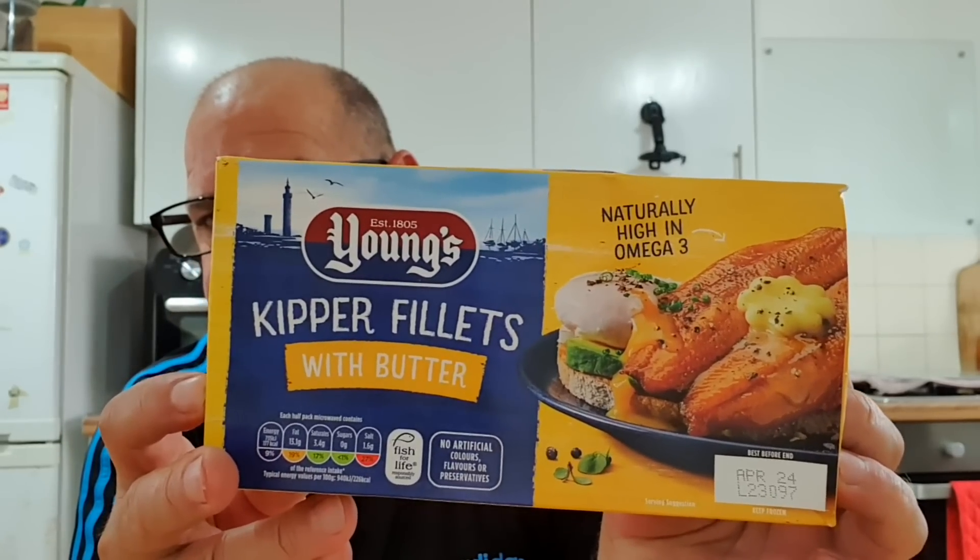All in all — kipper fillets with butter, Youngs brand. It's a thumbs up from me! I'm going to go and eat them. I'm not having anything else with it because there's plenty there. Nothing else to say — nice simple one, something easy. I'll see you this afternoon with another Morrison's thing. See you later, bye bye!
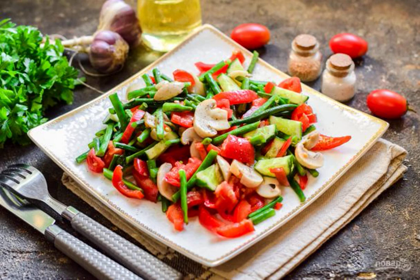The original gundal salad with beans and mushrooms is a bright dish in taste and appearance that can be served both on a holiday and for every day. In the season of fresh vegetables, this is a great option.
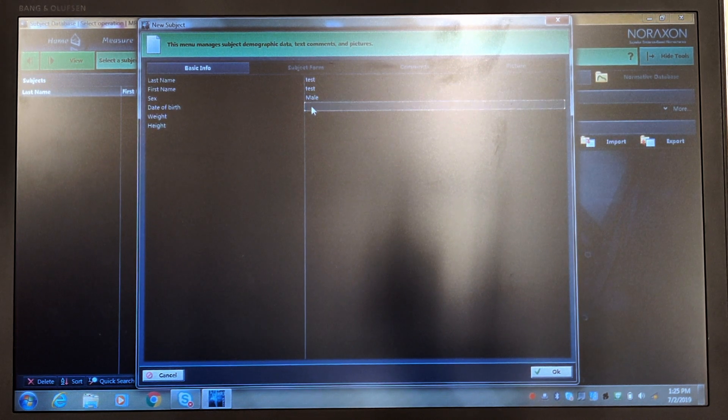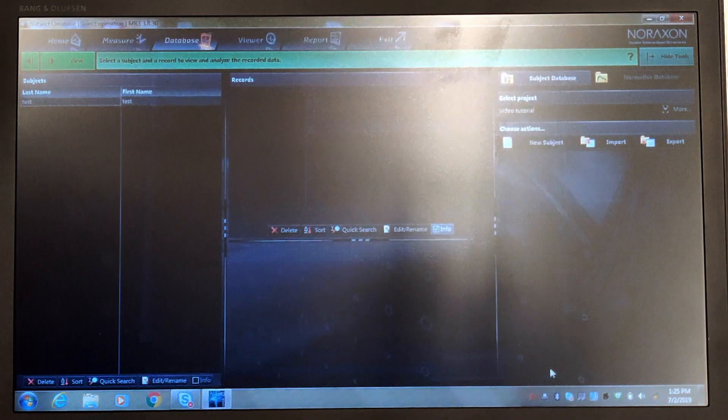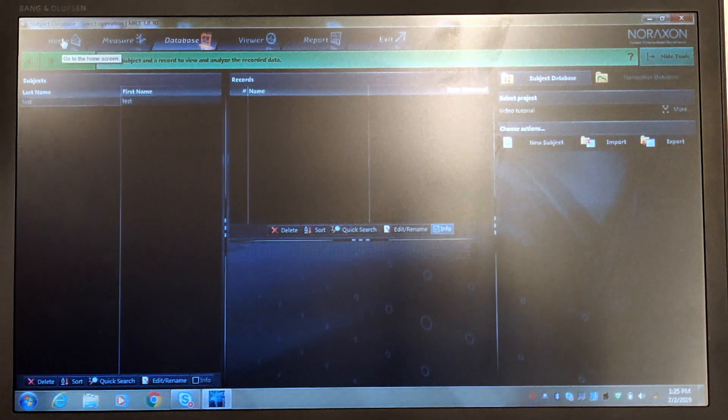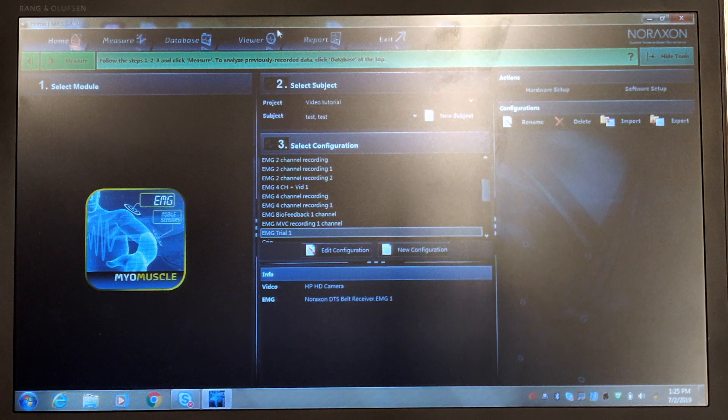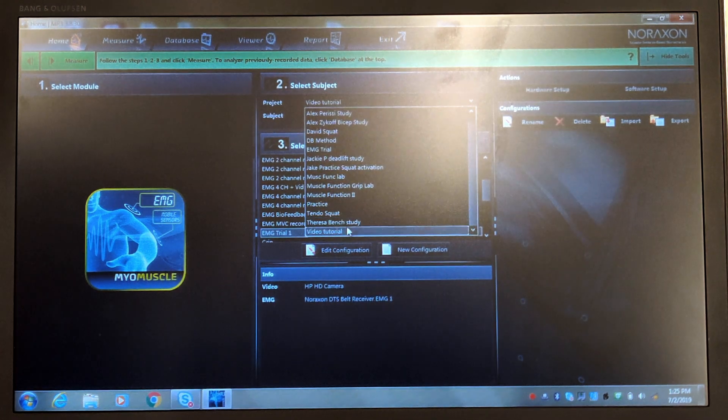We'll make them a male, their birth date can remain the same, weight is 150 pounds and height is 68 inches. Once you've input the data for your subject, click OK. Now we can go back to Home and select that specific project as well as the subject — so we've got Video Tutorial selected up here, and scroll down to Video Tutorial.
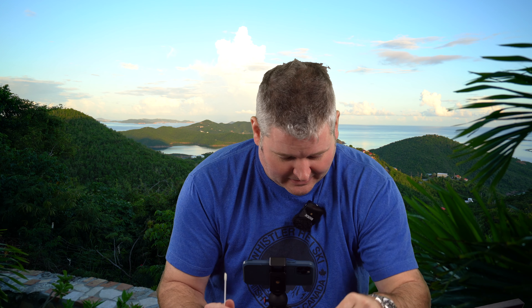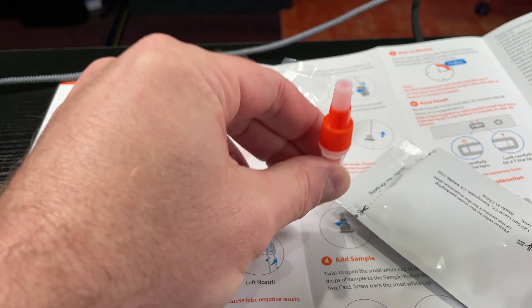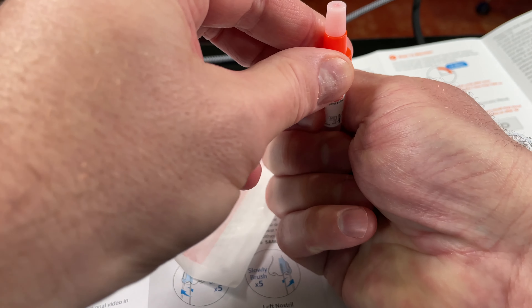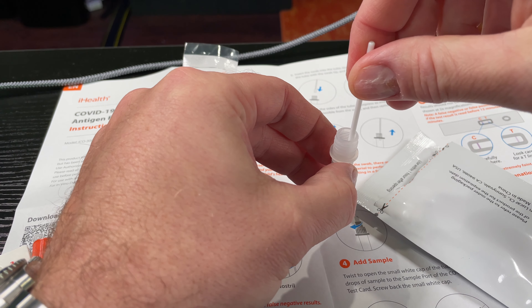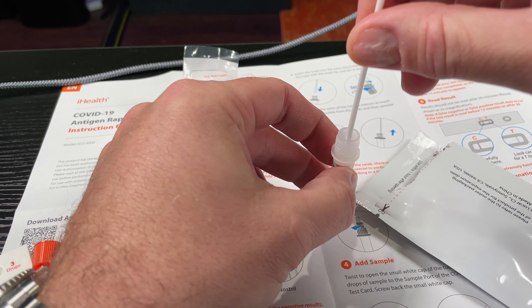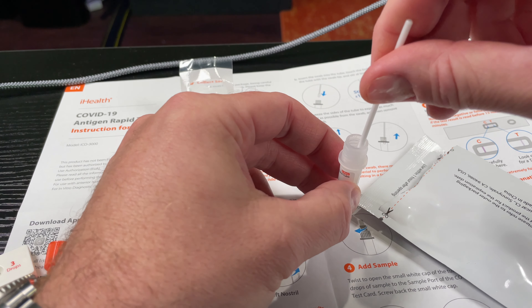Now it says process sample — tap tube vertically. Twist the large orange cap to open the tube. Insert the swab into the tube and touch the bottom of the tube with the top of the swab at least 15 times. I counted to 20 to be sure.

**Work to complete**. Could you return exactly the lines starting with the one that contains "The original gundal" and ending with the last line of the data above? Leave the pictures out.

**Solution below**.
The original gundal salad with beans and mushrooms is a bright dish in taste and appearance that can be served both on a holiday and for every day. In the season of fresh vegetables, this is a great option.
We'll make them a male, their birth date can remain the same, weight is 150 pounds and height is 68 inches. Once you've input the data for your subject, click OK. Now we can go back to Home and select that specific project as well as the subject — so we've got Video Tutorial selected up here, and scroll down to Video Tutorial.
Now it says process sample — tap tube vertically. Twist the large orange cap to open the tube. Insert the swab into the tube and touch the bottom of the tube with the top of the swab at least 15 times. I counted to 20 to be sure.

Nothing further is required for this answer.